Zoom link: https://princeton.zoom.us/j/92501308623

Jordan's committee is as follows:
Advisers: Nick Feamster and Prateek Mittal;
Readers: Jonathan Mayer and Vitaly Shmatikov (Cornell Tech);
Examiners: Nick Feamster, Ravi Netravali, and Prateek Mittal

All are welcome to attend.

Abstract:
Researchers and practitioners rely on network traffic analysis techniques
for a variety of critical network security and network management tasks. 
Ever-increasing traffic volumes and encryption rates have rendered traditional, 
signature-based solutions less effective. As such, newly developed methods 
almost universally leverage machine techniques. The development of new
machine-learning based traffic analysis techniques shares a common methodological
pipeline: curate a network traffic dataset, create a system to separate and 
associate labels with the traffic (e.g. flows, applications), engineer features
for the task, and finally train models using the engineered features. Although this 
methodological pipeline shared across tasks, each instantiated pipeline is 
custom-built for the task at hand, requiring new traffic processing systems, 
features, and models.

This dissertation questions the assumption that each stage in the shared 
methodological pipeline should be custom-built to each task, exploring if 
several stages of the common pipeline can be better accomplished using generic 
techniques. First, we examine the process of feature engineering and model 
training--two of the most manual and painstaking steps for any traffic analysis task.
We develop nPrint, a unified packet representation that is amenable to
representation learning and model training for a variety of tasks. We then
integrate nPrint with automated machine learning to produce
nPrintML, a generic feature engineering and model training solution.

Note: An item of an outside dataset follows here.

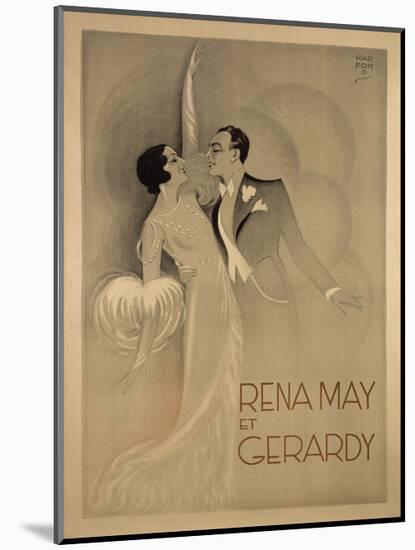 Rena May Et Gerardy-Vintage Posters-Mounted Art Print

Next, we study the data collection and data processing steps of the common
traffic analysis pipeline. Unlike other disciplines, such as image recognition, 
no standard dataset format or ''canonical'' task exists, forcing researchers to
develop custom dataset formats and processing systems for each task. We survey 
existing literature to show that this approach has led to a reproducibility 
crisis, finding that the lack of a standardized dataset format and the extensive 
usage of ambiguous terminology are primary causes.
We use these findings to develop pcapML, a system that enables reproducible
network traffic analysis by providing a standardized dataset format that
removes ambiguity in the definitions of traffic analysis tasks.

The contributions chart new directions in network traffic analysis, demonstrating 
that generic methods can outperform many custom-built approaches and significantly 
enhance the ability to develop, reproduce, and compare new methods.